The New York City Police Department has been using controversial facial recognition software to track citizens without their knowledge or permission, according to emails released by nonprofit news site Muckrock. Emails between the department and Clearview AI show a two-year relationship where the company was paid thousands of dollars to provide services, including assisting with fugitive tracking investigations masstamilan.
The documents, obtained by Muckrock and a journalist under a freedom of information request, reveal an alarmingly friendly relationship between Clearview and the NYPD, even as they warned of its potential to snoop on people. “Facial recognition technology has the capacity to be not a tool for law enforcement, but a threat to it,” says Public Advocate Jumane Williams, who urged the department to stop using the tech in her district myvuhub.
In a statement to Buzzfeed, Clearview CEO Hoan Ton-That said the data had been scraped from Facebook, YouTube and other social networks and that it was used for “security purposes” only. But an investigation by cybersecurity firm SpiderSilk revealed that the source code to the platform was stored in a Dropbox repository that had a password, allowing anyone to log in and access the system teachertn.
This is just the latest in a series of international privacy rules violations and sanctions against Clearview. It was recently fined EUR20 million by the Athens-based Hellenic Data Protection Authority for breaching European rules and ordered to delete user data it had collected. In addition, last month the U.K.’s data protection watchdog announced a joint procedure with Australia’s privacy watchdog to investigate how Clearview handled personal information.

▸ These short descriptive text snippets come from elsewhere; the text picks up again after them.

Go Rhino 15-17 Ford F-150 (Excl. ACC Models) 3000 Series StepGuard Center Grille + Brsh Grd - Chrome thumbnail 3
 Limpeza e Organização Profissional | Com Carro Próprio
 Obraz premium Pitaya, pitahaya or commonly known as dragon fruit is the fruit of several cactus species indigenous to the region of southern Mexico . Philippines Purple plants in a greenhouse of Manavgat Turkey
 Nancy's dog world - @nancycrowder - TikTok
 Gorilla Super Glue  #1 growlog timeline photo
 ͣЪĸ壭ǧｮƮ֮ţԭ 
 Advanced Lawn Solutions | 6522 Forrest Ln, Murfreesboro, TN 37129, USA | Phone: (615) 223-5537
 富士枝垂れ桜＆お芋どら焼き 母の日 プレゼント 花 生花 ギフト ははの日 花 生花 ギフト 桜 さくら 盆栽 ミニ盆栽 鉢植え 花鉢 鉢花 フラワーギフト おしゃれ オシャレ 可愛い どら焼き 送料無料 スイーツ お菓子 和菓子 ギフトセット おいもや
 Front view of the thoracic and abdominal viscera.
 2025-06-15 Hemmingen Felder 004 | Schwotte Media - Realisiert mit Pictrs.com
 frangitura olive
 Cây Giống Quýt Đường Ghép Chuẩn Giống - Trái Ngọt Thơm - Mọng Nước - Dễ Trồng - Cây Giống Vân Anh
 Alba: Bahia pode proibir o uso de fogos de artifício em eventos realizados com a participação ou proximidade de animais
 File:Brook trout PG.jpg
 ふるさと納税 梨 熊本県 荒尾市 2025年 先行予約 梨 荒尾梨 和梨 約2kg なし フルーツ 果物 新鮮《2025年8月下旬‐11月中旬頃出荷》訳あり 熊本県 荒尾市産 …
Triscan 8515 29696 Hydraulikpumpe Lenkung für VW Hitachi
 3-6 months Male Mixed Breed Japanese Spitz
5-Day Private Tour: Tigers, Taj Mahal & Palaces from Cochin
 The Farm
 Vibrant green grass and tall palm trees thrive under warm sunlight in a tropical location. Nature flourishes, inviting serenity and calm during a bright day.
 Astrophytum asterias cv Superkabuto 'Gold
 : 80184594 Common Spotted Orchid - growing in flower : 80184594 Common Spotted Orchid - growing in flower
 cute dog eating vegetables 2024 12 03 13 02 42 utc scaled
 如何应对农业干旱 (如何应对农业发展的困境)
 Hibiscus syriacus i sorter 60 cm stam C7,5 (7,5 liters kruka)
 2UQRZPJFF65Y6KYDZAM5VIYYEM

France’s CNIL, meanwhile, issued a privacy order last week against the US firm for violating GDPR and breaching multiple user rights. It ordered Clearview to stop collecting data on French citizens, as well as to erase all of the user’s images that were already in its database pagalsongs.
CNIL’s decision comes on the heels of a decision in March by Italy’s data protection agency that found Clearview to be liable for GDPR violations. In this case, the agency also found that Clearview violated several other data protection laws by not letting users know that they were using their photos and violating purpose limitation rules in using photos for different reasons than those allowed under the GDPR (such as to find people in a group).
The CNIL’s finding is the latest in a string of international privacy rules breaches for Clearview. This year the firm has been ruled to be in violation of data rules in Canada, Australia and the UK, while the American company is currently facing a class action lawsuit in Illinois over its compliance with biometric protection laws there yareel.
Aside from these international rulings, Clearview has been subject to a series of local legal challenges in the U.S., too, mainly over its use of facial recognition on public photos. Earlier this year the company agreed to settle a class-action suit filed by the ACLU in Illinois, which alleged that it was in violation of the state’s Biometric Information Privacy Act, or BIPA.